Perhaps, many would think this means that King must have been very close to perfect. But, much as we try to saint some people and assign to them perfection, there is no such thing as perfect.
King was, however, an almost superhuman carrier of God's Love. He was doomed with the burden all lovers carry. Like Jesus, King was reviled, spit at, imprisoned and hated with a ferocity that finally sent a fatal bullet into to him at the age of thirty-nine.
To this day, people try to diminsh King's accomplishments by pointing to his womanizing and his plagiarism of his doctoral thesis. Serious as these mistakes may have been, they have little to do with his message of Love or his titanic accomplishments.
This is because those who dedicate themselves to Love have aligned themselves with an energy which transcends any personal mistakes in judgment.

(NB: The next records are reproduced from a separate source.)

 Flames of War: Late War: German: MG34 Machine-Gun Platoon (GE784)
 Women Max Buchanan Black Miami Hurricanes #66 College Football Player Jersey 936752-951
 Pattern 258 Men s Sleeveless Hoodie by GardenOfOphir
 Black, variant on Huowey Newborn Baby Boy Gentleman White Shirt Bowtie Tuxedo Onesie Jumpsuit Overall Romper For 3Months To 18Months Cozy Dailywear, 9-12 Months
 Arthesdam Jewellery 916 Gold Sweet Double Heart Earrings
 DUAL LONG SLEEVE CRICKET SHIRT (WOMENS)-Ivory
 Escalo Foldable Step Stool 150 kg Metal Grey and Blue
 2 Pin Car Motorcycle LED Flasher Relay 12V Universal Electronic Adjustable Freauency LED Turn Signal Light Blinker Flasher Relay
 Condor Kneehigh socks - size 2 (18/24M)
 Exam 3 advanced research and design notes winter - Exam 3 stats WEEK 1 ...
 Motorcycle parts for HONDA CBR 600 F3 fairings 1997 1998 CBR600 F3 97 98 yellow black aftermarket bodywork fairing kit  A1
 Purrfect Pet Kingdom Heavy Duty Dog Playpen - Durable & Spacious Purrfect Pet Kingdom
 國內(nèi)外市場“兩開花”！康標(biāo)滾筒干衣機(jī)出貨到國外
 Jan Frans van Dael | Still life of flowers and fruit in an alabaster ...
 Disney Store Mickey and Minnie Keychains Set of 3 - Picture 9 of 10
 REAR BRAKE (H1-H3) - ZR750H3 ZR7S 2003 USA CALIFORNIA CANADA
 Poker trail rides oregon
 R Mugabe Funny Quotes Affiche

Love doesn't care about human flaws. Love seeks only the fullest possible expression in this world.
As I have often pointed out in the Journal, the ancient Greeks made sure to implant flaws into each and every one of their heroes. Thus, the famous Achilles, who was perfect and invulnerable except for a fatal weakness in his heel, the only part of his body not covered by the magic water into which his mother dipped him at birth.
We all have our Achilles' heels, and yet we are reviled when our flaws are suddenly exposed - attacked by people whose own flaws may be covered at the moment.
As caregivers celebrate King's birthday and his life, not only today but throughout the year, it is comforting to know that history has focused on King's great successes. It would be even more gratifying if King had lived to see this.